BEGIN DATA FOR REVIEW

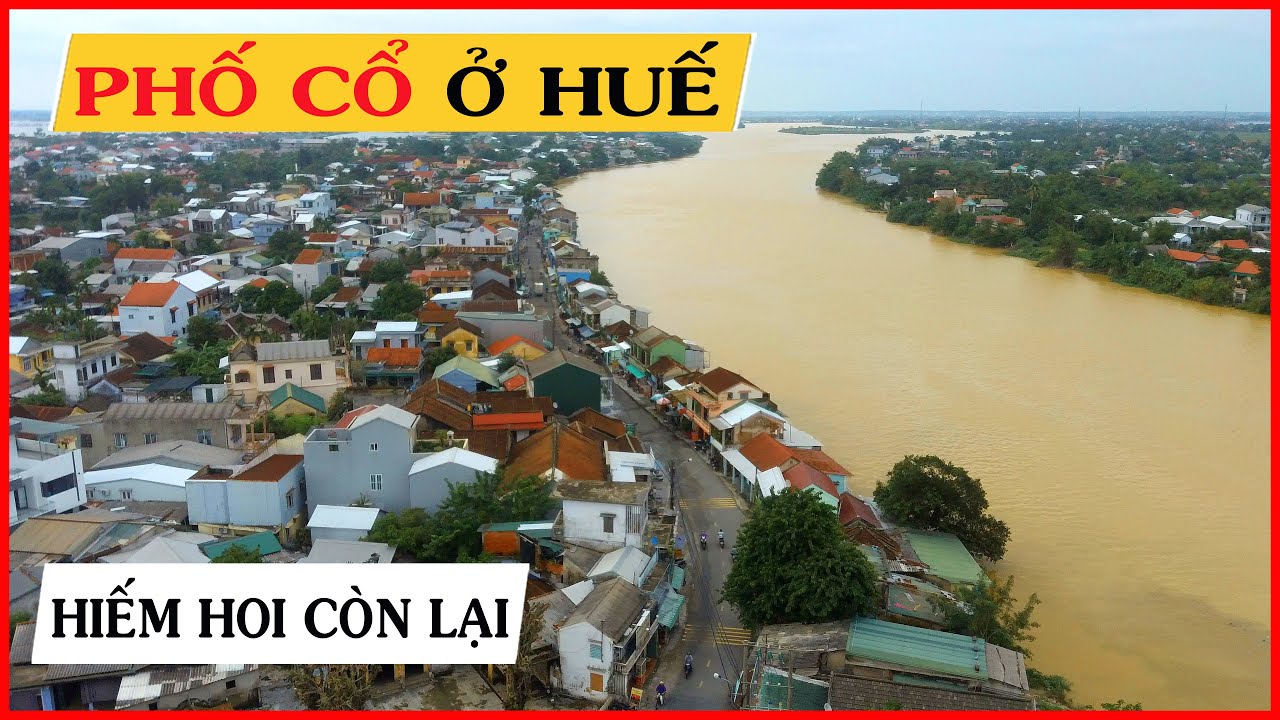 khám phá nét độc đáo Phố Cổ Bao Vinh ở Huế│Khám Phá Huế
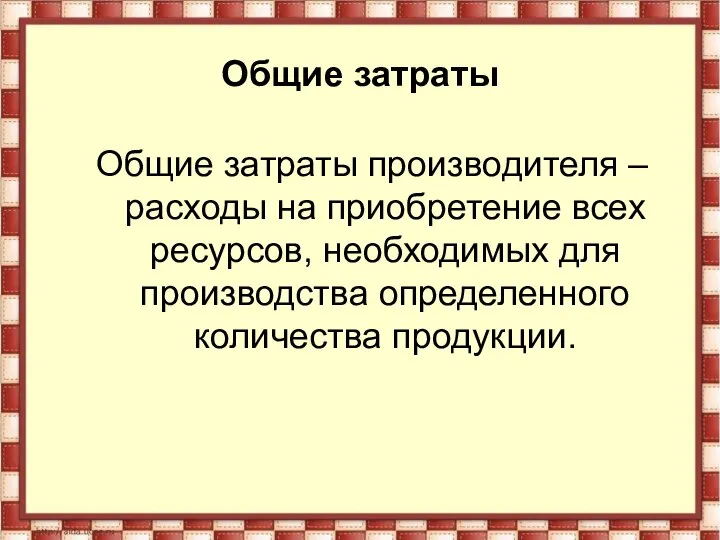 Общие затраты Общие затраты производителя – расходы на приобретение всех ресурсов,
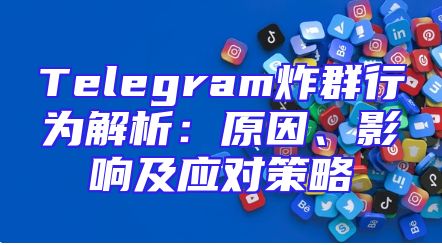 Telegram炸群行为解析：原因、影响及应对策略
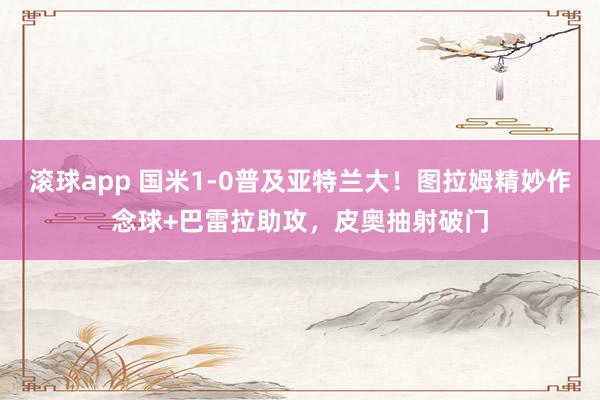 滚球app 国米1-0普及亚特兰大！图拉姆精妙作念球+巴雷拉助攻，皮奥抽射破门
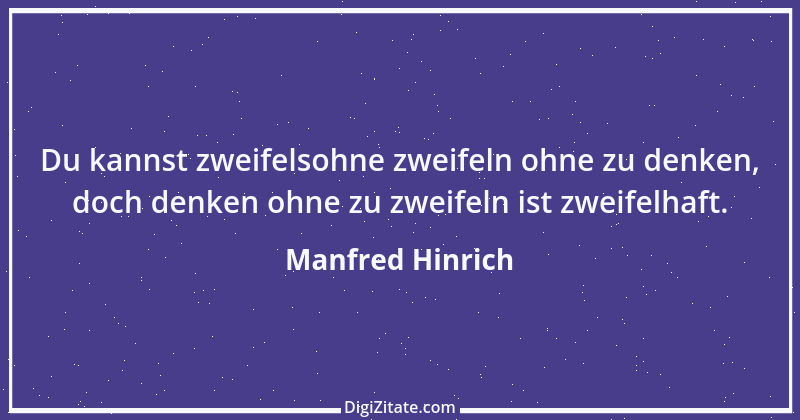 Zitat von Manfred Hinrich 3230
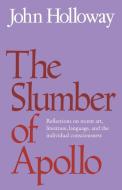 The Slumber of Apollo di John Holloway, Holloway John edito da Cambridge University Press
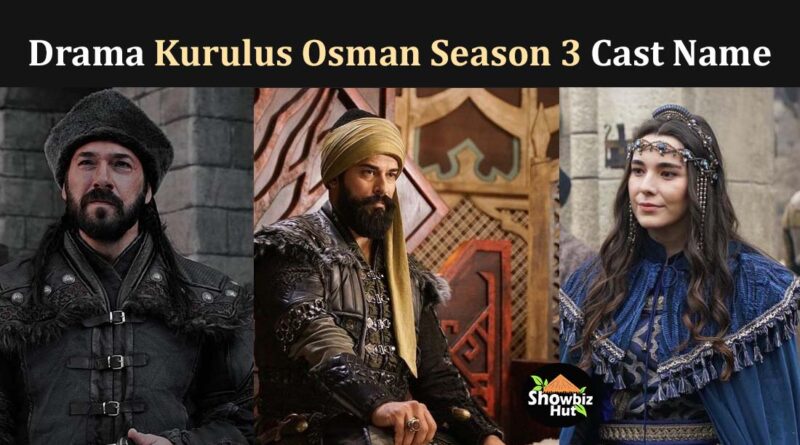 kurulus osman season 3 cast real name pics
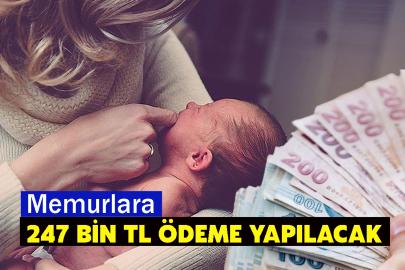 Memurlara 247 bin TL ödeme yapılacak
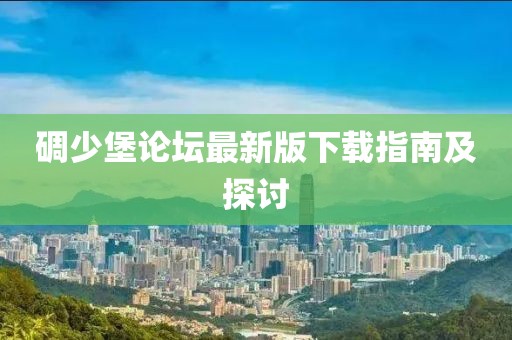 碉少堡論壇最新版下載指南及探討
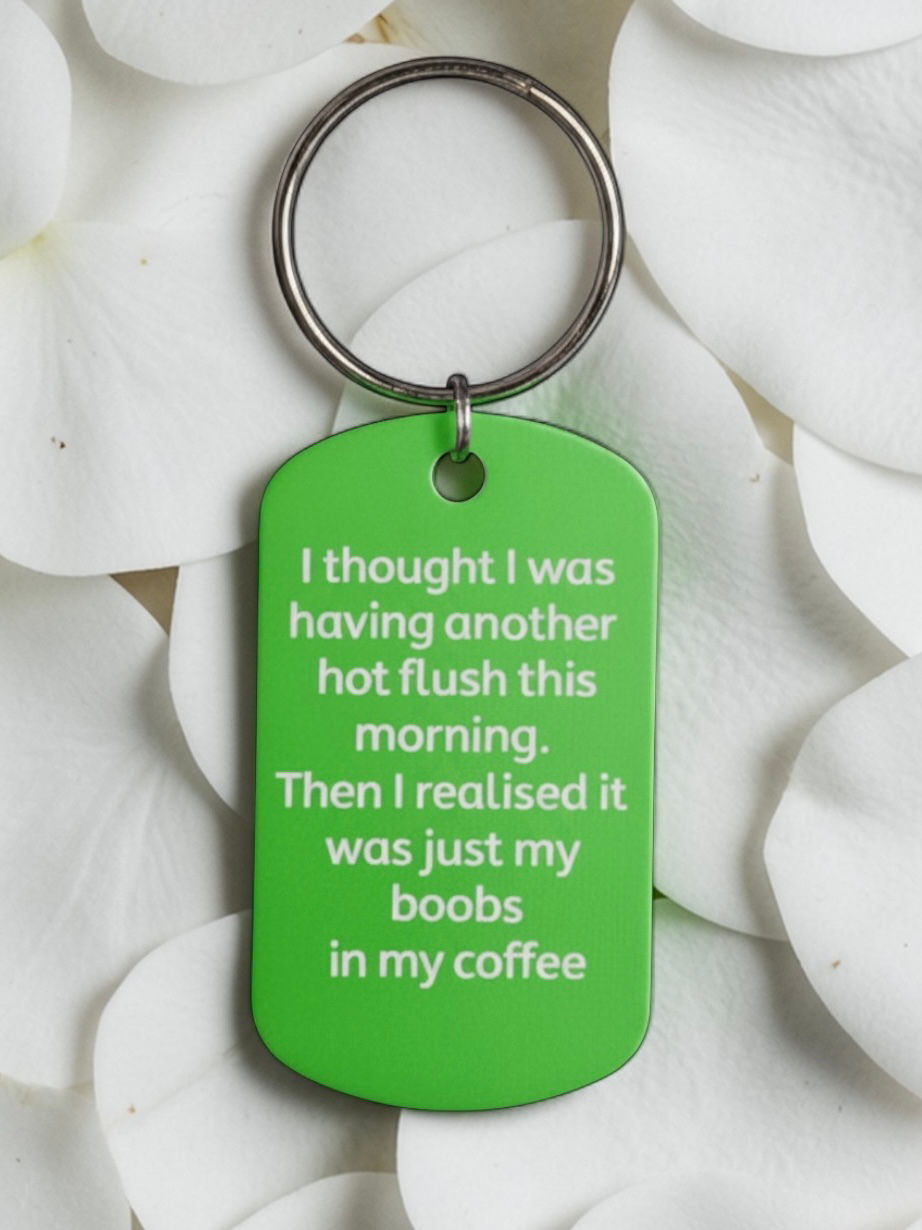 Thumbnail: Green engraved keyring 'I thought I was having another hot flush this morning,  then I realised my boobs were in my coffee' 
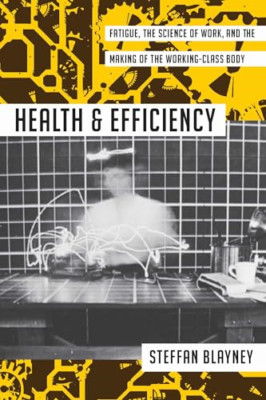 Health and Efficiency: Fatigue, the Science of Work, an - Paperback / softback N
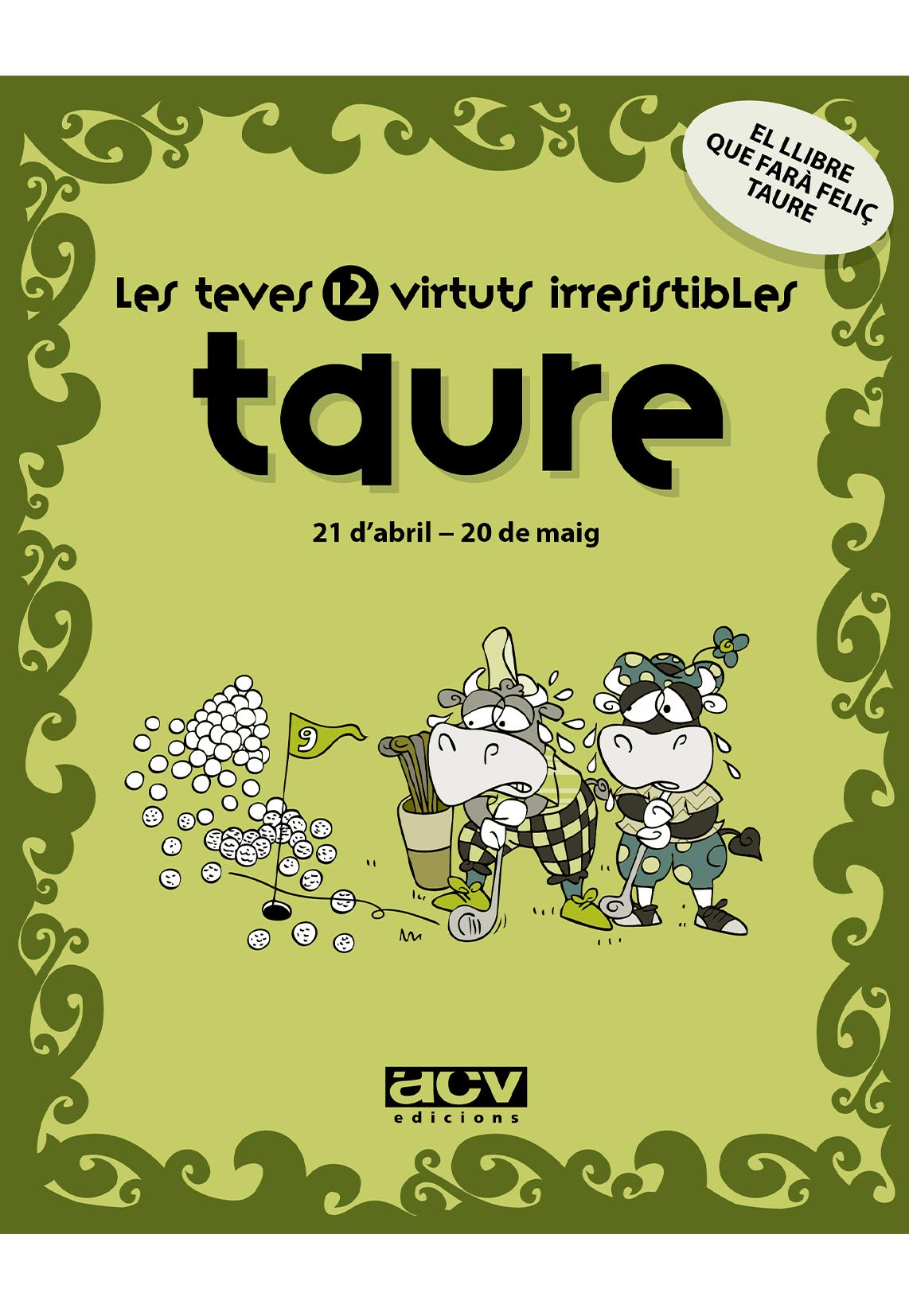 Les teves 12 virtuts irresistibles: Taure: 21 d'abril - 20 de maig book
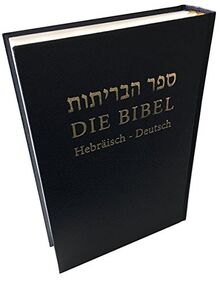 Die Bibel: Hebräisch-Deutsch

END DATA FOR REVIEW

## [PROBLEM STATEMENT]
Copy out the data above exactly, except the pictures.

## [TASK ANSWER]
 khám phá nét độc đáo Phố Cổ Bao Vinh ở Huế│Khám Phá Huế
 Общие затраты Общие затраты производителя – расходы на приобретение всех ресурсов,
 Telegram炸群行为解析：原因、影响及应对策略
 滚球app 国米1-0普及亚特兰大！图拉姆精妙作念球+巴雷拉助攻，皮奥抽射破门
 Zitat von Manfred Hinrich 3230
 The Slumber of Apollo di John Holloway, Holloway John edito da Cambridge University Press
 kurulus osman season 3 cast real name pics
 Memurlara 247 bin TL ödeme yapılacak
 碉少堡論壇最新版下載指南及探討
 Thumbnail: Green engraved keyring 'I thought I was having another hot flush this morning,  then I realised my boobs were in my coffee' 
 Health and Efficiency: Fatigue, the Science of Work, an - Paperback / softback N
 Les teves 12 virtuts irresistibles: Taure: 21 d'abril - 20 de maig book
 Die Bibel: Hebräisch-Deutsch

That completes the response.